Dear bioBakery help forum,
Thank you for the wonderful tools.
I am working on analysis on Humann3 output on metacyc pathway coverage. I encountered some issue on the coverage. This is the coverage of pathway: HISTSYN-PWY (L-histidine biosynthesis). Please see the table below. The table shows that coverage of this pathway and the reads of corresponding EC gene families. I am confused on the difference between different samples. For example, the sample 3A1493 has the fewer reads of each gene families than those of sample2A1086. However, the coverage of 3A1493 is 1 and the coverage of 2A1086 is 0.95.
Could you please give some instructions on how to calculate the coverage?
You can read more about pathway coverage here (or in the HUMAnN 1 paper):
The short answer is that coverage is based on where reactions fall within the abundance distribution of their sample, and hence a pathway X could be covered more highly in a sample with lower read depth if the X reactions were proportionally more abundant there.
That said, the coverage calculations are mostly a holdover from HUMAnN 1 (where they were more critical) and are a target for update/replacement in the future. I would focus on the pathway abundances instead; if a pathway has abundance > 0 you can consider that it was fairly confidently covered/detected by modern HUMAnN.

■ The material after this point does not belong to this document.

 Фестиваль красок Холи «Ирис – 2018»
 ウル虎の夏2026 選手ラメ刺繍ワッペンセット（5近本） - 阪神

Thank you so much for your reply.
Thank you so much. This is very helpful. We are trying to set thresholds in our analysis - would you say the same for gene family (abundance > 0 → confidently covered/detected)? Thank you!
Yes, but for different reasons and with some caveats. A pathway being non-zero means that many reactions had to be non-zero (an abundance of evidence). The equivalent we use at the single-gene level is requiring >50% of sites to have been hit by a read (i.e. a single read hitting a gene is not sufficient to call the gene as present). This increases specificity relative to the “any hit = detected” approach, but it’s not perfect. For example, there are some gene families that are very hard to tell apart on the basis of short-read recruitment (e.g. an A-domain family + B-domain family vs. an AB-domain family).
Thank you so much! This is very helpful.